There is some evidence that there are some real hard-core Christian believers who think that the Enlightenment was a big mistake, and that we should return to some sort of theocracy. For these people, science, democracy, secularism, and "materialism" are the enemy and must be discredited and then destroyed. This is very scary, but I don't think Americans will go for it, when push comes to shove.

My best guess is that the majority of politicians and public figures who support the teaching of Intelligent Design as a comparable and competing theory to the theory of evolution are just extremely cynical exploiters of a potent wedge issue. For them, the controversy over the teaching of evolution is just another emotional issue to exploit, like abortion. They know that poorly educated people can easily be whipped up into a paranoid frenzy about the possibility that their kids are being taught by atheist teachers who want to persuade the kids that the Bible is wrong, and who want to abolish Christmas, or the Bible, or both. This exploitation of ignorance for political purposes, coupled with the abetting of more ignorance, is contemptible. It hurts our country by depriving children of a complete science education.

There is also the possibility that some right-wingers believe that by discrediting science generally, they can discredit climate science, which they see as a threat to untrammeled capitalism, and oil revenues more specifically.

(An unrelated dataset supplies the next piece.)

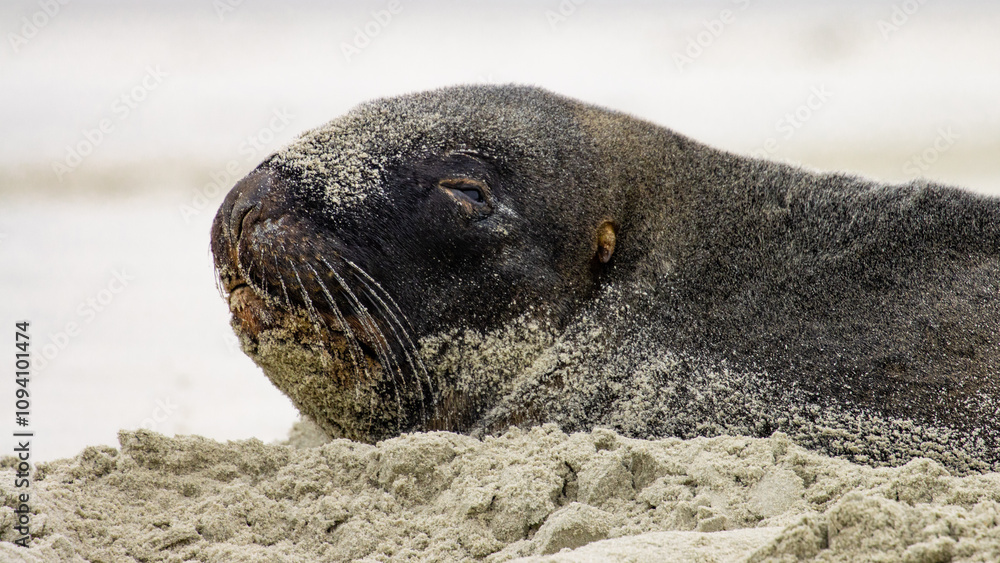 Φωτογραφία Impressive large hookers sea lion male (bull) portrait;  the allans beach, Otago Peninsula near Dunedin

Luckily, there are books other than textbooks. I hunted them down during the Civil Rights era, and although I was not particularly successful at finding books then that answered my questions, I did find such books later in life. Faulkner finally clued me in as to what had been going on for a couple of hundred years in my part of the world. So hand out all the non-textbooks you can find to kids, and not just Harry Potter books, but non-fiction books about history and science. They aren't reading them for school.